His work has been featured in golf journals and television spots. Our
scholarship in the arts is equally outstanding. Take for example Assistant
Professor of Music Dr. Dan Crozier’s most recent composition, “Toccata
for Soprano Saxophone and String Trio.” It was played by a little-known
guy called Branford Marsalis.
The scholarship of the faculty does not take place in the absence of
students. Associate Professor of Physics, Dr. Thom Moore (how are you
doing Dr. Moore?) (He always says that) heads up our summer research program
in which students in all disciplines, not just the sciences, work side
by side with a faculty member engaged in original research. Some, like
Psychology faculty members, Drs. John Houston and Sandy McIntyre, publish
their work in conjunction with their students. Would all the faculty who
have worked in summer research with students over the past three years
please stand up?
As believers in global citizenship, our research and teaching frequently
take us far from the United States. Will everyone who left the country
for professional reasons over the past year please stand? Cite some examples:
Uganda, Bali, the Dominican Republic, Spain.
But most of all, we are teachers. Will all winners of teaching awards
of any kind please stand? Over 60% of our faculty have won a teaching
award of some type. At colleges nationally, the average is less than 40%.

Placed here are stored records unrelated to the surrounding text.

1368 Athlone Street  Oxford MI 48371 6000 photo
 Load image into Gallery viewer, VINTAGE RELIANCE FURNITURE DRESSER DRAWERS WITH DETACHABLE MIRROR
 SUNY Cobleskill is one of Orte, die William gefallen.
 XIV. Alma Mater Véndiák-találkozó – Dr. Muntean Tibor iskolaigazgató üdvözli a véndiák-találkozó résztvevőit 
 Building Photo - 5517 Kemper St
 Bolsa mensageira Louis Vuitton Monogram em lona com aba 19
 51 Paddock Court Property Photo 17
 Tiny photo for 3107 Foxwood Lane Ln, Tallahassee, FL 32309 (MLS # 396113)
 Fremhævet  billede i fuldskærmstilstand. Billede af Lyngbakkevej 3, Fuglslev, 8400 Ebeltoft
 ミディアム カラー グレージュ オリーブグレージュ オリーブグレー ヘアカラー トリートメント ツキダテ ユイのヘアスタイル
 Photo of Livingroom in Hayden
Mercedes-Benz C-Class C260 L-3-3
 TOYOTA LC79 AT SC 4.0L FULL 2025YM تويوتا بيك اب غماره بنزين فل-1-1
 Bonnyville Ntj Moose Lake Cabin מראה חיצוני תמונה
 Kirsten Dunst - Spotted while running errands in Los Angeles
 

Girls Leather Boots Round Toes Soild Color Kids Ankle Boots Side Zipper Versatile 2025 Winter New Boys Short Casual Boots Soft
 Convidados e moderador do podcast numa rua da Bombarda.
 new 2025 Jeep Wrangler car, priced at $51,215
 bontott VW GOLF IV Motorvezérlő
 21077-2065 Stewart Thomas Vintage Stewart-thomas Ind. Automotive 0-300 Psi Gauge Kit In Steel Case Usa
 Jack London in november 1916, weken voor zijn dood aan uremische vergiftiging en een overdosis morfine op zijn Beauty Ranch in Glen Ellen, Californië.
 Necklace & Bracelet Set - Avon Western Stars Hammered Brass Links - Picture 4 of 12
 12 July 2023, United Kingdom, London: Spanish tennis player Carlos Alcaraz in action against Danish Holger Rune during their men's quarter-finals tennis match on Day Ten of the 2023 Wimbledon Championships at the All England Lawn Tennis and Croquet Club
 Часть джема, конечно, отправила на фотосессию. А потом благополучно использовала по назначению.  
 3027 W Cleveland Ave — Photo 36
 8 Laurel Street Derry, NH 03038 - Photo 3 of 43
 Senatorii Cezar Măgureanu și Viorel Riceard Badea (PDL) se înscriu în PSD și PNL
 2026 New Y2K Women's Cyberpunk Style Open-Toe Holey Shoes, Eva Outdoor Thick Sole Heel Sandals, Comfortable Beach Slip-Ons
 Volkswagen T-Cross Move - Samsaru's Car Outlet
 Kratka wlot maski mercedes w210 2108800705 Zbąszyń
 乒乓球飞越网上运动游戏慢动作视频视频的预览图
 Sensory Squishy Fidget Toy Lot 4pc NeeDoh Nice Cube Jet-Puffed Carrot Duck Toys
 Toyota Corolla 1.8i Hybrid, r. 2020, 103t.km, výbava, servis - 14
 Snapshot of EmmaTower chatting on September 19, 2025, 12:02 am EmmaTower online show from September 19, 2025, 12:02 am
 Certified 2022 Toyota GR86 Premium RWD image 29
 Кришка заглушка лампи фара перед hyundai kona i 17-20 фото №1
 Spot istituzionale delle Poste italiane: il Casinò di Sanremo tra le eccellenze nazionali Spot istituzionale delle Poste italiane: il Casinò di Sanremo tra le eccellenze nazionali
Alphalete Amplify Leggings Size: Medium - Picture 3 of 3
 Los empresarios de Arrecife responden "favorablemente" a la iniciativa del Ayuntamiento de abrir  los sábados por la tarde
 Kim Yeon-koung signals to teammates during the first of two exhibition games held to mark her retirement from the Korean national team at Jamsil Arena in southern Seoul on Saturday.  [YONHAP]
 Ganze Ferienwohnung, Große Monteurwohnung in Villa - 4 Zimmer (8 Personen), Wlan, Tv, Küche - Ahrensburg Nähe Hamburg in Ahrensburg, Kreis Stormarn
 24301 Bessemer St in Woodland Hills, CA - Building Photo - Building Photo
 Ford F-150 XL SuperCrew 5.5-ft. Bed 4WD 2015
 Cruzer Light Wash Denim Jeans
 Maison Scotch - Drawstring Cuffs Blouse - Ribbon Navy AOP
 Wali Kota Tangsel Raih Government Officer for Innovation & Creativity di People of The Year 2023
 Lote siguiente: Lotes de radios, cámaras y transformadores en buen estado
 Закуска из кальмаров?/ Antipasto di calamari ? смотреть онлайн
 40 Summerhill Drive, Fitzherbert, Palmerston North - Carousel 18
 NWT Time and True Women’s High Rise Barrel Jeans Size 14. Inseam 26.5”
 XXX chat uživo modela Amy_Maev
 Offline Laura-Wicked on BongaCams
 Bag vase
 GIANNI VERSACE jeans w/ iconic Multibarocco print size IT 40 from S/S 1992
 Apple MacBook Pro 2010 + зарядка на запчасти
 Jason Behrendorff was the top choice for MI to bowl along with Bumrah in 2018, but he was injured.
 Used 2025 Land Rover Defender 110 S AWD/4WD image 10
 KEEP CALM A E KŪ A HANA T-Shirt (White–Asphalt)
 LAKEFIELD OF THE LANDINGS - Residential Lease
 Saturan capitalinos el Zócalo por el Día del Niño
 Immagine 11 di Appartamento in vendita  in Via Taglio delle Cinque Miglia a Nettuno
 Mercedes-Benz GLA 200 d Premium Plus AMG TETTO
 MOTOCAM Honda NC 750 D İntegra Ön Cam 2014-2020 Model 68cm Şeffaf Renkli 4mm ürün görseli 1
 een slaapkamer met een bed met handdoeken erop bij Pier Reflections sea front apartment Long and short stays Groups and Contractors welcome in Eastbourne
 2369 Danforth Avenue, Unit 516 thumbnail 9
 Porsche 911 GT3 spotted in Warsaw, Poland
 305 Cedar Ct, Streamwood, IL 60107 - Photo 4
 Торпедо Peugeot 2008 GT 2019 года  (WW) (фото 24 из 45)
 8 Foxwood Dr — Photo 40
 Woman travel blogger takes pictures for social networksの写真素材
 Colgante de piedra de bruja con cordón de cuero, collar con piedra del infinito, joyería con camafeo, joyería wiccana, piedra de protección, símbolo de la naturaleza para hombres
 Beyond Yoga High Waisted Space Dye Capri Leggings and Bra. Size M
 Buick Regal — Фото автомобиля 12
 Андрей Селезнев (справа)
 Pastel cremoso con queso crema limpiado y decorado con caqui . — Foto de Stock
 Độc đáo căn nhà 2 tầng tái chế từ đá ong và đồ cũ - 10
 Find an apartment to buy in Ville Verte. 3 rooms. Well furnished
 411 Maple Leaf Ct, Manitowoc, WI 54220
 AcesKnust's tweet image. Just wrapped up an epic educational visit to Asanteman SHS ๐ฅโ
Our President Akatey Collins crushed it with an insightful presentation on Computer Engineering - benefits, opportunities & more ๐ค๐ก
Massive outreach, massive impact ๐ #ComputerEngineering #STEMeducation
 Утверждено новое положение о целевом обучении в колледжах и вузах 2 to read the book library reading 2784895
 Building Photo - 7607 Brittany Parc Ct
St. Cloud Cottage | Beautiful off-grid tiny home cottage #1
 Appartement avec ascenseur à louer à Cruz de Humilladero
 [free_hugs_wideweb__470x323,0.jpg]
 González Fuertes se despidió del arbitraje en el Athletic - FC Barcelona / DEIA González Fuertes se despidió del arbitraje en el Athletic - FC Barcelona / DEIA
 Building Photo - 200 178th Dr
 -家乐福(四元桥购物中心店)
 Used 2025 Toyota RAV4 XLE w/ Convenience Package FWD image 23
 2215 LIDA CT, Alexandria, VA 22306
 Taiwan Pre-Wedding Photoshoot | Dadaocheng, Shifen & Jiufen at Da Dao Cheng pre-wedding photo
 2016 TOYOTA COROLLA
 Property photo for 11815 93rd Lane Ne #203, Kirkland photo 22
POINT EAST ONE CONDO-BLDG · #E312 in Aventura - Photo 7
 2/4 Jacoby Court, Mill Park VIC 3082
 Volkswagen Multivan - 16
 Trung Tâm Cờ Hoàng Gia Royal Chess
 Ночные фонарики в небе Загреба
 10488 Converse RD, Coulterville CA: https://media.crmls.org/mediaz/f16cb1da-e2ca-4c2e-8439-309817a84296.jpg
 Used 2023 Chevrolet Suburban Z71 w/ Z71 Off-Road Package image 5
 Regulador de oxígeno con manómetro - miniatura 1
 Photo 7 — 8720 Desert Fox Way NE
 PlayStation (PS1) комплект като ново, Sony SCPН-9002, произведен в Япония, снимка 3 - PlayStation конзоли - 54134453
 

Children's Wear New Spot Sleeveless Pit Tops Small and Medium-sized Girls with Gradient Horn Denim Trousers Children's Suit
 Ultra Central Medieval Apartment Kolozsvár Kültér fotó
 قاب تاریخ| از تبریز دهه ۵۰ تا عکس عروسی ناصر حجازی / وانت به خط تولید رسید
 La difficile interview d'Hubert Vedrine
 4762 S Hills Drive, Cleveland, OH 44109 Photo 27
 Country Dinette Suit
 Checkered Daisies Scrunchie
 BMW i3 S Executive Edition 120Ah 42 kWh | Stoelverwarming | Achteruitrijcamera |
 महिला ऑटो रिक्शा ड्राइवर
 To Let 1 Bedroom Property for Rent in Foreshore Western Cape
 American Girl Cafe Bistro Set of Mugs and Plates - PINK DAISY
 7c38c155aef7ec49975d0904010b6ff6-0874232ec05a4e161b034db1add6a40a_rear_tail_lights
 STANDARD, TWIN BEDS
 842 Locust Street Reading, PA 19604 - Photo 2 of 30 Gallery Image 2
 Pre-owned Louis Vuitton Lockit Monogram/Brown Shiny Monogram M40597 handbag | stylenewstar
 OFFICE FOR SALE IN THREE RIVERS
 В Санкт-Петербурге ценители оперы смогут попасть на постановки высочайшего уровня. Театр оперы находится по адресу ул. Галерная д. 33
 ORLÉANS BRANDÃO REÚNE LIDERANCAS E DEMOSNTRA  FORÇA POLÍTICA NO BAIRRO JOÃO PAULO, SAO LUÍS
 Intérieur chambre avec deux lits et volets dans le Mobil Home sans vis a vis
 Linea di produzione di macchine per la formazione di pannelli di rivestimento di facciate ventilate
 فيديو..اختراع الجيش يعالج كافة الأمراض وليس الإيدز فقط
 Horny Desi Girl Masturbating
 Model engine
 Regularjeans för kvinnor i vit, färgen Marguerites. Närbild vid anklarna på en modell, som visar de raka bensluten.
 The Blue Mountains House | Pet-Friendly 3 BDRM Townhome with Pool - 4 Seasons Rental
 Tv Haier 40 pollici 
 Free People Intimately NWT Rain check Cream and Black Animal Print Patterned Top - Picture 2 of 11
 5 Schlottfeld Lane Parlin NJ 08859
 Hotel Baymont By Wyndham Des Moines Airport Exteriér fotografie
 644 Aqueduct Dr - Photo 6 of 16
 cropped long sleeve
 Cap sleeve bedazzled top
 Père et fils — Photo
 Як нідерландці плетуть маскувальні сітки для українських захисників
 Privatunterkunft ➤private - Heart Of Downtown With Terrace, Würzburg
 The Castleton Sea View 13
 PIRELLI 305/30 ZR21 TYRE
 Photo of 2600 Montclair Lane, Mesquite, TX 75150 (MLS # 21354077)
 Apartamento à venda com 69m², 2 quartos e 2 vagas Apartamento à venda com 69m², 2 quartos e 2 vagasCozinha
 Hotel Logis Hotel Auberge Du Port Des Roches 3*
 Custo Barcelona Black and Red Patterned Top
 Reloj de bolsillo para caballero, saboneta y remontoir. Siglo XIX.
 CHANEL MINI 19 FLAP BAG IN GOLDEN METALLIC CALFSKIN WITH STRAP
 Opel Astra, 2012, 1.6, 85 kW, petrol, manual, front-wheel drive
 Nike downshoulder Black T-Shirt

Alumni research conducted (and published in the nation’s leading
higher education periodical, I might add) by one of our own endowed chairs,
Alfond Professor of English Barbara Carson, shows that perhaps the biggest
thing you will remember about your experience at Rollins is your relationship
with one of our professors.
Get to know them. Harvard Professor Richard Light's research on why students
succeed in college points to several factors. Probably the most important
is this: students who succeed in college develop a relationship with professors
that extends outside of the classroom. Introduce yourself. Visit them
during their office hours. Come armed with questions. They're lonely without
you. You're the reason they're here. It's not because we pay them $6.74
an hour.
In conclusion: Make the most of the reality show called Rollins. In the
words of Henry James: Be someone on whom nothing is lost. I wish you great
success.
Madam President: The faculty are assembled.